The greatest thing ever. |
Our next stop was an auto parts store
where we learned that the part that I was calling the break hub thing
and Scott was calling the break distributer was actually called the
break proportioner.
Annnd
also they didn't have one.
The last place we stopped at was a true
to life scrapyard made entirely of mud. We pulled up to a gray dim
looking metal building that was your typical half garage half office.
Upon entering we were greeted by a vague older looking man. You know
the kind of guy who gives you the impression there is no mental
activity going on behind those eyes. “You got any cans?” He asked
in a wheezy voice. I glance behind me at my 1999 canless Toyota
Avalon. Which was the only vehicle in the parking lot. I
looked around to make sure I hadn't been sucked into Cormac
McCarthy's The Road.
Scott explained that we needed a part.
The guy explained we would have to go back into the office. In the
office we were greeted by a dark haired women sitting behind a desk
talking to a older guy who apparently had nothing better to do then
sit in a scrapyard office and talk up a receptionist. In the back
another older looking women was washing down tables. For some bizarre
reason the whole place smelled like cookies.
“You gonna help them customers!?”
Shouted the lady from the back, still washing down shit.
So we explain what we need to the two
people sitting at the desk who look like we are interruptions into
their flirting/drug dealing and then they tell us to go out back and
look for Gary. We go out back. Out back turned out to be a wasteland
of muddy cars. Many of which had been crushed and flattened into huge
pancake like stacks that rose up around the borders of the wasteland
like a very ineffective fence. Mud and snow mixed together under the
tires of huge car moving machinery. We stopped next to a green
building that smelled like pure ethanol and watched the giant car
magnet thing move car frames around like they were made of tinfoil.
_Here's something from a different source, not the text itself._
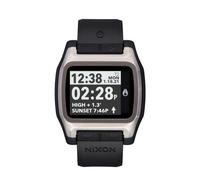 Nixon Montre à Mouvement Automatique Japonais numérique pour Homme avec Bracelet en Plastique A1308-625-00, Noir/Argent, Lanières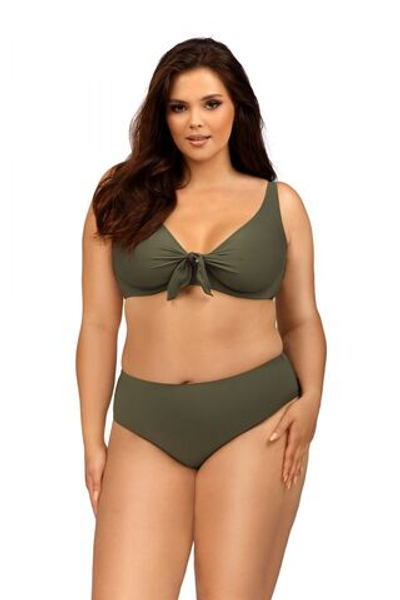 Однотонный купальник с мягким лифом на косточках (Размер: 75H/38) (Цвет: хаки)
Finally a guy driving a huge piece of
machinery pulled up beside us and yelled something out the window I
couldn't hear and then Scott held up the part like it was a magic
talisman and they mined something about Chevy and then he yelled some
directions over the engine and we were off. What followed next was
the most surreal adventure ever. One isle over I could hear the giant
car magnet dropping shit while we wound our way through cars that
looked like they had been flung down from on high by an giant car
magnet. The first truck we checked was completely on it's side,
wheels and bed long gone. Even though it had the part, the break
proportioner was too rusted and shot to use.
We picked our way out of there and into
the nest row over. Which is when I discovered that the “snow” was
merely a thin blanket of white over a foot deep hole and I had to do
that thing where you jerk forward and then grab you own shoe to keep
the earth from ripping it off.
I was pretty over the junkyard by that
point. Of course the next truck's break proportioner was shot too.
Defeated, unwilling to try another avenue and possibly lose a shoe
for good this time we trudged back to the office. Once inside we
explained that we didn't find one while the lady in the back shouted
more advice about customer service. We smiled and backed out the
door, back past the wandering can man and got into our car, still
holding the greasy useless break proportioner.
We never did fine Gary.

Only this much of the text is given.